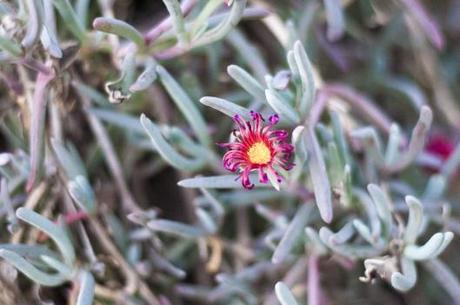 Ice plant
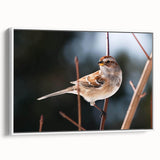 Framed canvas wall art depicting colorful garden birds perched on branches, showcasing vibrant hues of blue, green, and yellow against a white background. Ideal for nature lovers and home decor enthusiasts.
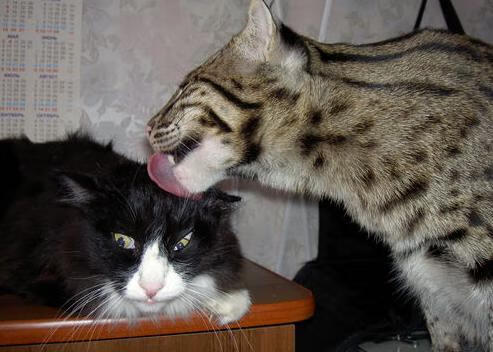 “意甲传统豪门稳扎稳打，迎战关键战役”，意甲七大豪门俱乐部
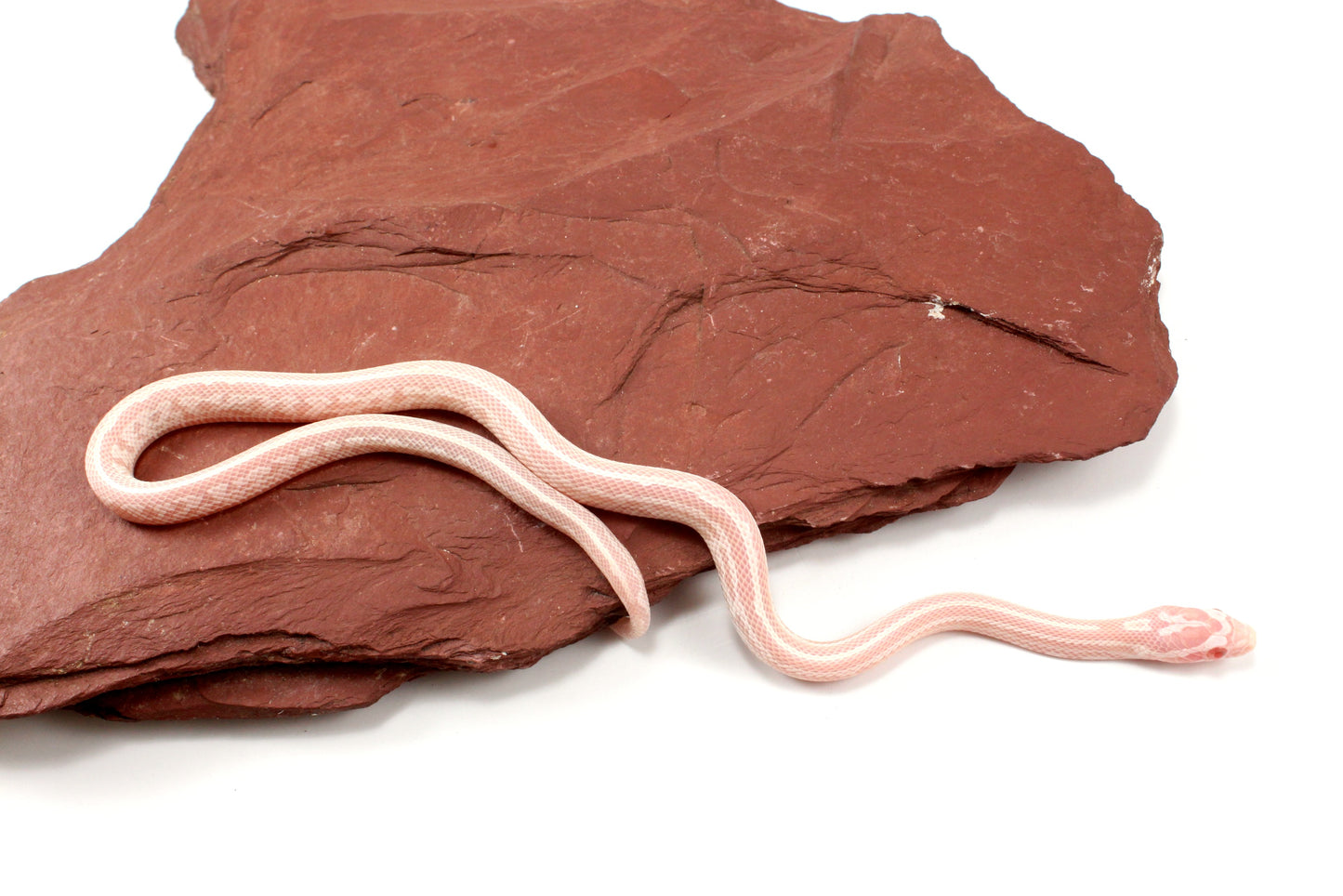 Snow Tessera Corn Snake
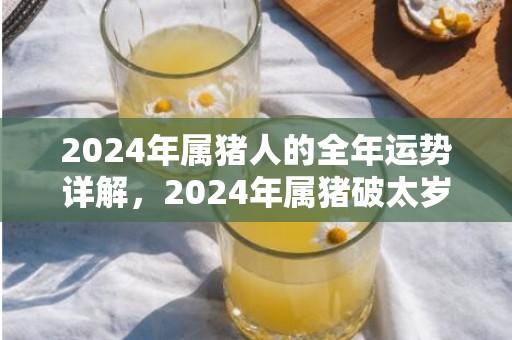 2024年属猪人的全年运势详解，2024年属猪破太岁是什么意思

******

(Assigned task)
When restating the records word for word, omit any picture they contain.

(Your response)
 Ice plant
 Framed canvas wall art depicting colorful garden birds perched on branches, showcasing vibrant hues of blue, green, and yellow against a white background. Ideal for nature lovers and home decor enthusiasts.
 “意甲传统豪门稳扎稳打，迎战关键战役”，意甲七大豪门俱乐部
 Snow Tessera Corn Snake
 2024年属猪人的全年运势详解，2024年属猪破太岁是什么意思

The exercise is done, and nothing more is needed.